Il 4 luglio 1866, esattamente 160 anni fa, a Vezza d'Oglio, si combattè la battaglia più in quota dell'intero Risorgimento Italiano, episodio che rappresenta il principale evento del Risorgimento camuno, l'unico effettivo fatto d'arme in Valle Camonica. Ogni anno, nei giorni dalla ricorrenza, Vezza d'Oglio organizza una rievocazione storica, che si è tenuta anche quest'anno. Ma c'è di più perchè il paese dell'alta Valle Camonica ha dedicato alla battaglia del 4 luglio 1866 anche un museo.
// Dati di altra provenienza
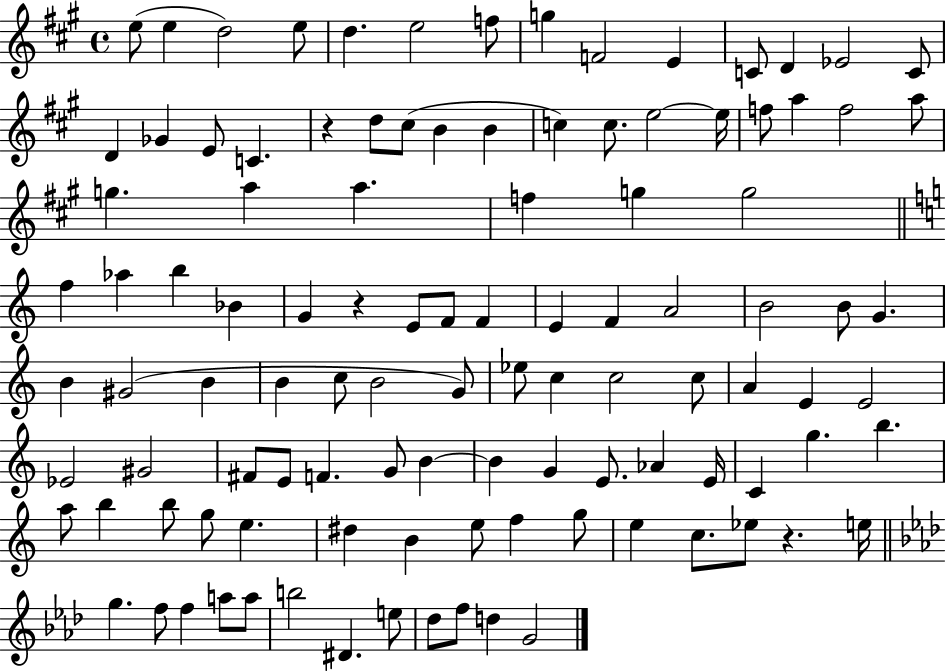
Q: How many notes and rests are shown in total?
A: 108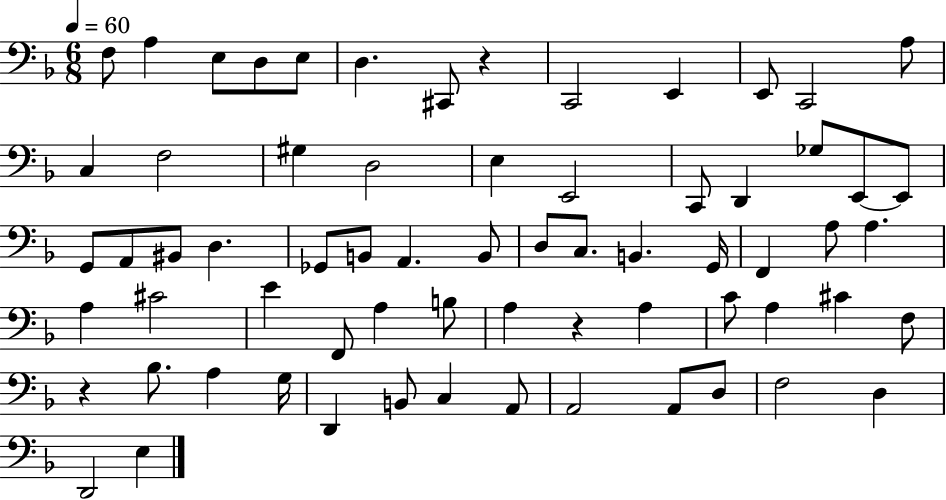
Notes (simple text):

Il Museo civico garibaldino trova spazio nella torre Federici e custodisce una esposizione permanente di armi e oggetti legati alla battaglia. Il museo è aperto nei mesi di luglio ed agosto dalle 17 alle 19 con ingresso libero con visita guidata. In altri periodi dell'anno viene aperto a richiesta. Alla battaglia di Vezza d'Oglio presero parte le truppe volontarie di Garibaldi e i soldati austriaci scesi dal passo del Tonale che intendevano aprisi la strada verso Brescia e Milano. Non riuscirono a sfondare nonostante vittoriosi sul campo. Questo fatto fu decisivo per fermare altri attacchi. Tra l'altro durante quella battaglia accaddero dei fatti eccezionali. A soli due anni dalla nascita della Croce Rossa e della Convenzione di Ginevra del 1864 (cioé il diritto internazionale umanitario che prevede la protezione dei militari feriti e la neutralità di personale sanitario) qui si toccò con mano anche l'uminità di altre figure come le donne di vezza d'Oglio ed i sacerdoti della zona.